The model test relies on data collected in 2012 from representative samples in four countries: Tunisia, Morocco, France, and Benin. The country comparison of consumption deprivation reveals that people in France feel the least deprived (in all three categories of goods), followed by Tunisia, Morocco, and Benin. The measures show good psychometric properties and appropriate levels of cross-cultural measurement invariance, thus enabling cross-cultural comparisons.

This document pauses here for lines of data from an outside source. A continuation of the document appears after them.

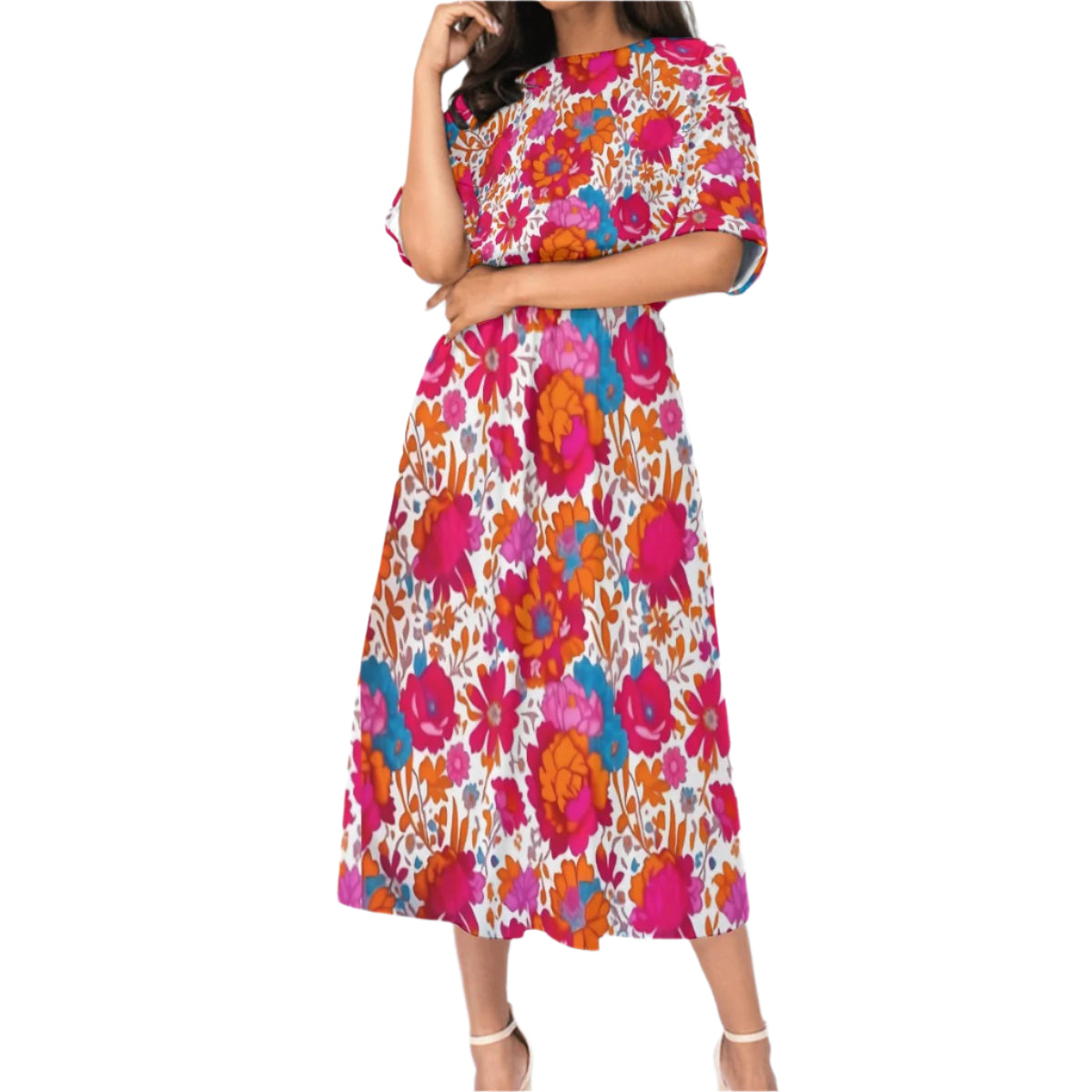 Vibrant Floral Elastic Waist Midi Dress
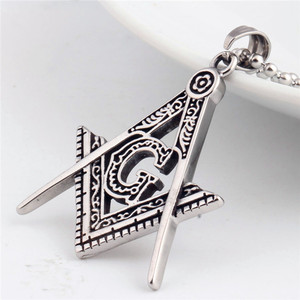 Freemasonry Pendant A Shape Hollow Logo <b>Titanium</b> Steel Necklace Unisex Everyday Wear Geometric Design Steel Color 60cm <b>Chain</b> - Product Image 3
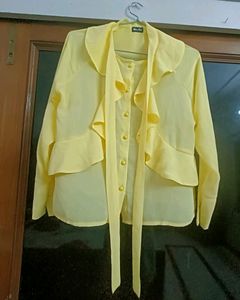 New Georgett  Yellow Women Top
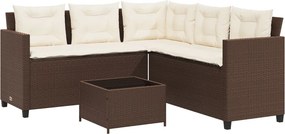 vidaXL L-alakú barna polyrattan kerti kanapé asztallal és párnákkal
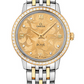 Omega De Ville Stainless Steel and Yellow Gold 32.7 MM - Stainless Steel and Yellow Gold Bracelet -  Diamond Bezel - Champagne Diamond Dial - 424.25.33.60.58.001 nyc watcher nyc watches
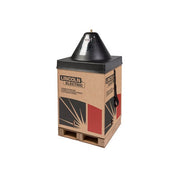 Lincoln Electric SuperGlaze 5554 aluminum MIG wire bulk drum on pallet with Lincoln Electric branding and lid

Our empirical analyses demonstrate that consumption is an important determinant of SWB, but only through the mediating effect of needs satisfaction. In particular, the empirical results show that the direct effect of consumption on SWB disappears when needs satisfaction is introduced into the model, suggesting that the relationship between consumption and SWB is fully mediated by needs satisfaction. This result consistently holds on the aggregate level (four countries), at the level of each individual country (France, Tunisia, Morocco, Benin), as well as for different income groups. Consequently, policy makers who are concerned with SWB should focus on need satisfaction and act upon its antecedents, one of which is consumption.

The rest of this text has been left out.